# [Data]
*****

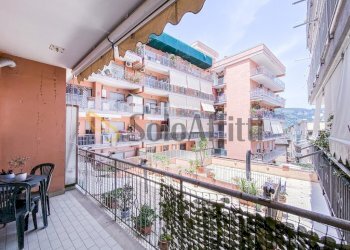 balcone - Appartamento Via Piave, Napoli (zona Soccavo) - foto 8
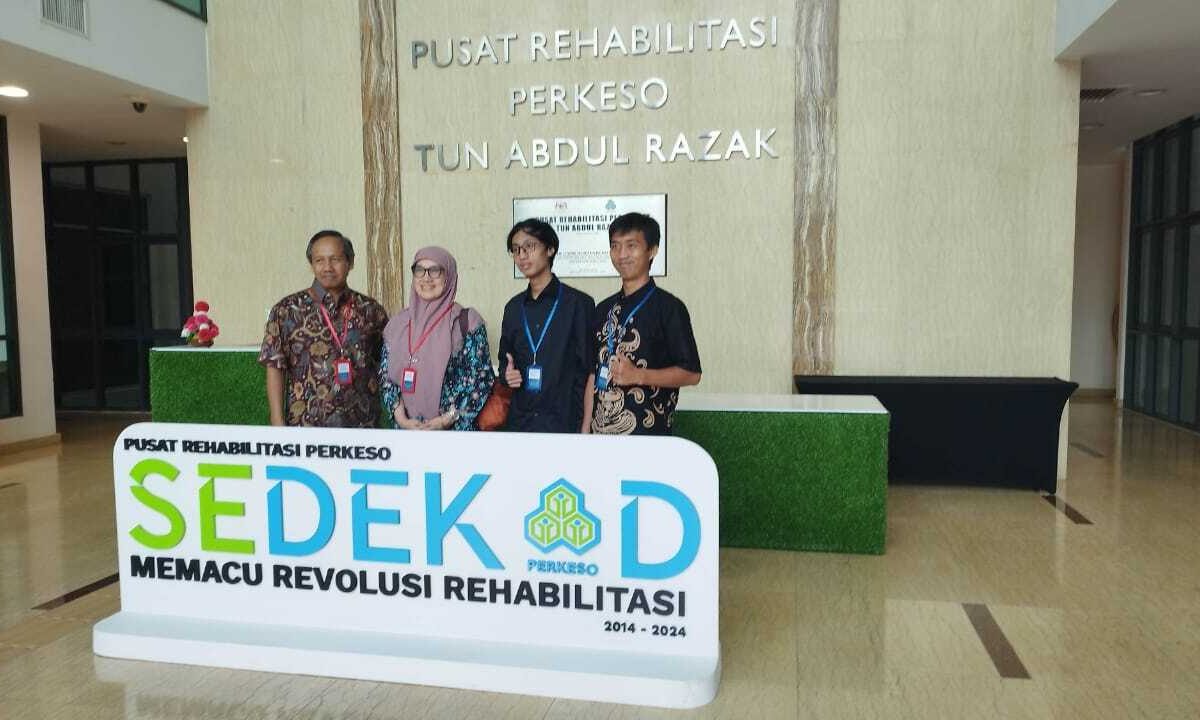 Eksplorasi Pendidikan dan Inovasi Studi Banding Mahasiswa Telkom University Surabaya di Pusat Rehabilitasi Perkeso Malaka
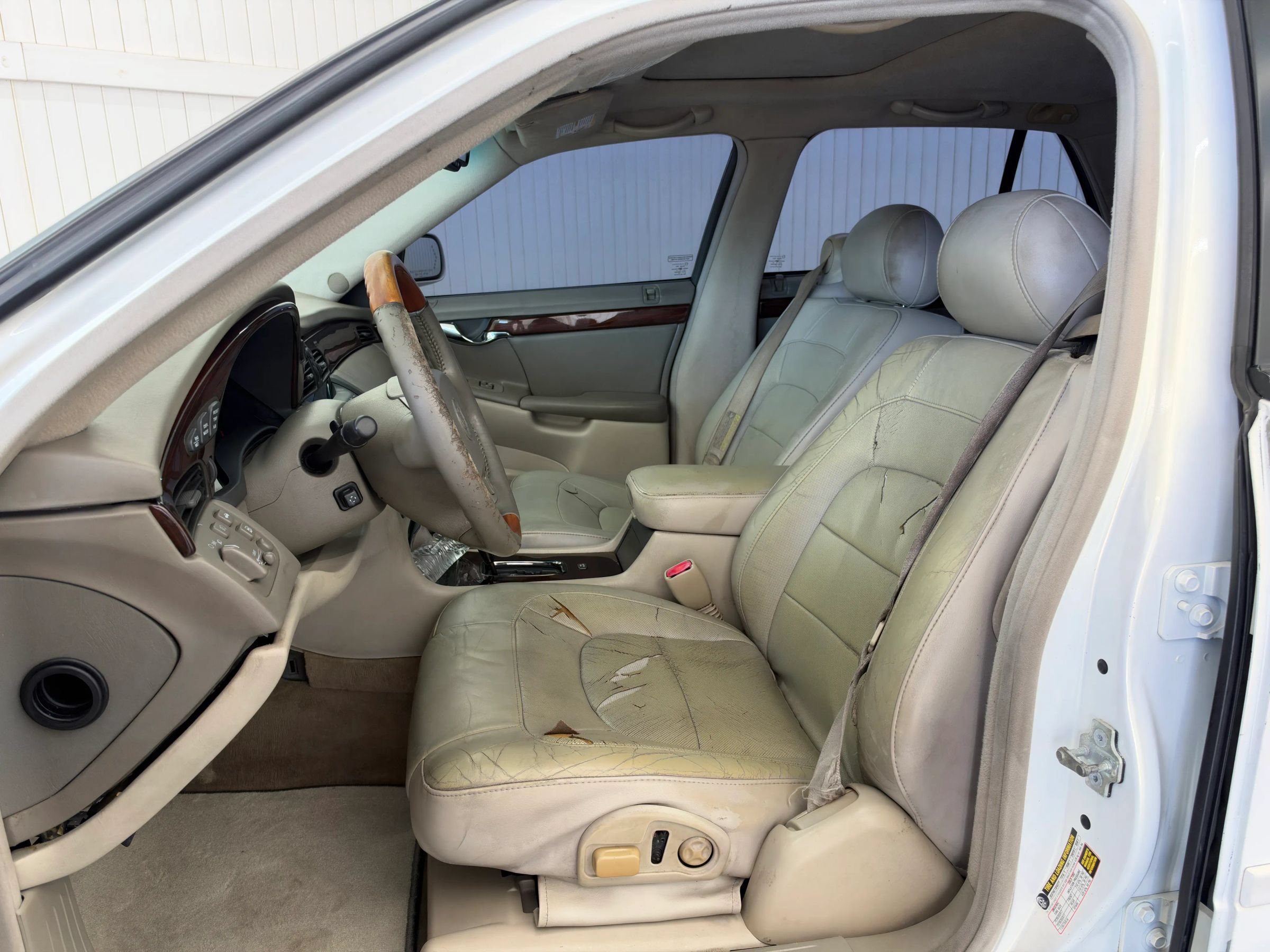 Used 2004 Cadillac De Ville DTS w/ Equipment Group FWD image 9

*****

# [Task description]
Skipping all images, output the listing exactly.

# [Task answer]
 balcone - Appartamento Via Piave, Napoli (zona Soccavo) - foto 8
 Eksplorasi Pendidikan dan Inovasi Studi Banding Mahasiswa Telkom University Surabaya di Pusat Rehabilitasi Perkeso Malaka
 Used 2004 Cadillac De Ville DTS w/ Equipment Group FWD image 9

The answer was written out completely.